Northrop Grumman wants to use drill rigs, support trucks, portable water containers, pumps and other heavy equipment to dig groundwater wells and take soil samples in a Bethpage neighborhood this July as part of a plan to clean up a toxic hot spot of contamination.
Work is expected to run through early 2017 and the series of borings and wells will be installed on Town of Oyster Bay rights of way in mostly residential areas, according to a letter sent last week on behalf of Northrop Grumman to select property owners in Bethpage.
The work will be discussed during a public meeting for affected residents from 7 to 9 p.m. Tuesday at Bethpage Senior/Community Center at 103 Grumman Rd. West in Bethpage.
Northrop Grumman spokesman Vic Beck would not say where those affected areas are. Sources said along Broadway south of Central Avenue was among the locations where drilling and sampling would occur.
It is unclear if road closures could also happen, but the town said a permit request has not been filed. “We don’t have a formal application,” town spokeswoman Marta Kane said.
A fact sheet announcing the meeting said work would take place between 7 a.m. and 5 p.m. Monday through Friday and will take up to eight weeks to complete.
“Temporary borings will be drilled to collect soil and groundwater samples so that the permanent wells can be properly designed,” said the fact sheet — bearing an outdated state Department of Environmental Conservation logo.
“I’m happy they’re doing this but it hits too close to home,” said Bethpage resident Michele Rastelli, who received one of the letters.

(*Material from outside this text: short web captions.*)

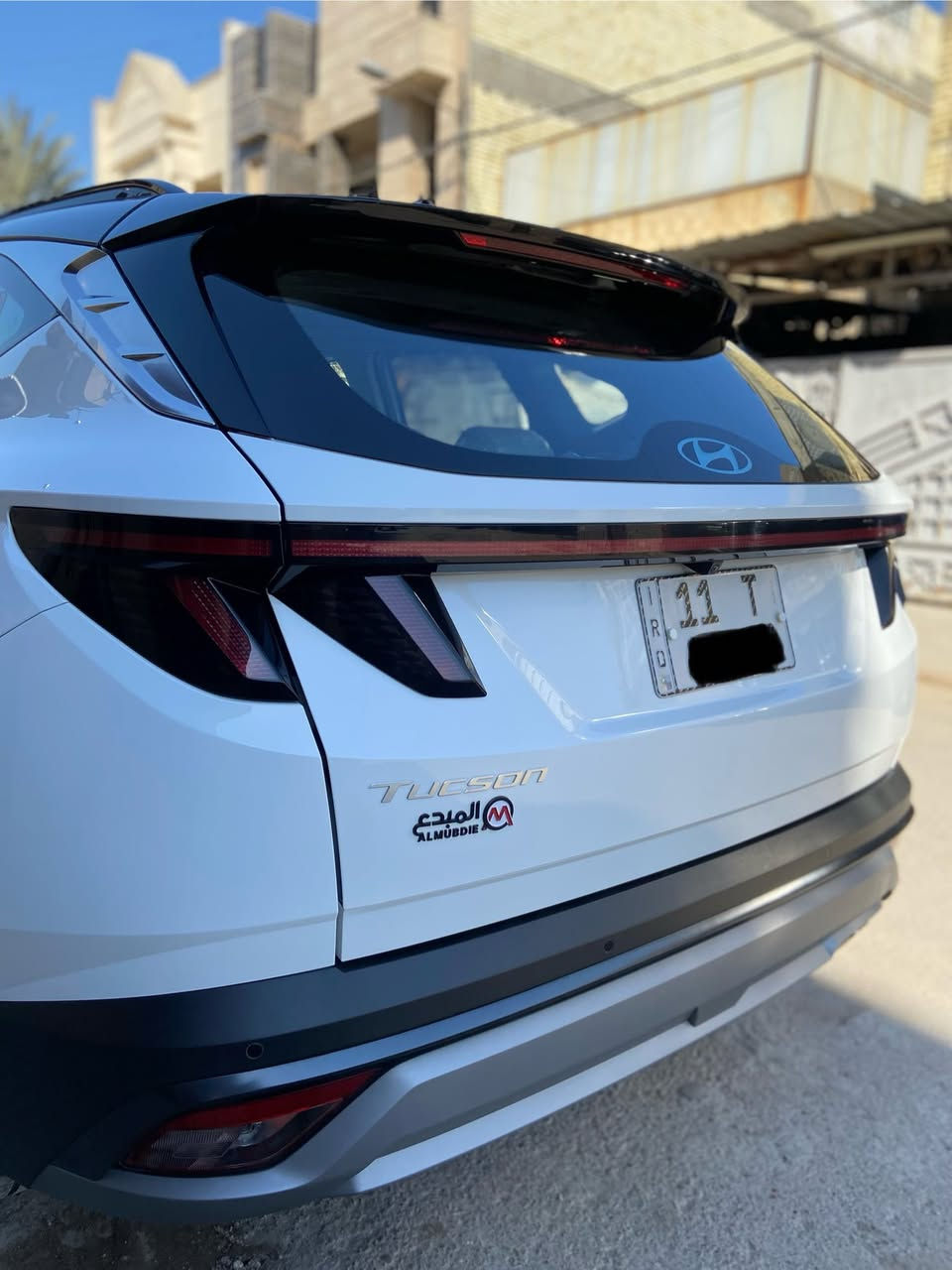 السلام عليكم
سياره للبيع هونداي توسان موديل 2025 السياره تو كلو قماره سوده السياره خليجيه مكفوله كفاله عامه من الضربه والصبغ والبارد والشخوط والرصعات السياره زيرو بحاله الوكاله 
السيآره رقم بغداد الدولي الجديد … بأسمي تحويل ثاني يوم
المواصفات: 
بصمه 
دخول ذكي 
تشغيل عن بعد 
كشنين كهرباء 
كشنات تبريد 
الباب الخلفي كهرباء 
سايد بريك دكمه
تحكم استيرن جهتين 
شاشه متصله 
بردات ابواب اصليه
ويل 19 
قطعتين تبريد 
مري شفط 
درايف مود 
اوتو هولد
مانع منحدرات
مانع تزلج 
حساسات اماميه خلفيه اصليه 
مكاني بغداد رقمي ***********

In 2015, Northrop Grumman spent five months drilling in front her house on Broadway, sometimes shaking the house. “They should give a huge letter saying why they’re doing it, where they’re doing it and what is going on,” she said. “I feel like it is all so secretive.”
The well project is part of an overall cleanup plan to remediate a groundwater plume emanating from Bethpage Community Park, which is about 1.5 miles north of the proposed work site.
In March, the DEC ordered Northrop Grumman to speed up treatment of the contaminated hot spot or risk legal action after a monitoring well near Seaman Avenue detected 14,700 parts per billion of a mix of volatile organic chemicals. A solvent called trichloroethylene, or TCE, which is considered a likely carcinogen, was the most abundant chemical in the mix. Concentrations of more than 5 parts per billion of TCE violate safe drinking water standards.
Bethpage Water District Superintendent Mike Boufis said he appreciated the DEC and governor pushing for action. “They’re taking a proactive approach to this plume,” he said. “It’s going to inconvenience people’s summer but it’s necessary to remediate the plume and protect the rest of the wells.”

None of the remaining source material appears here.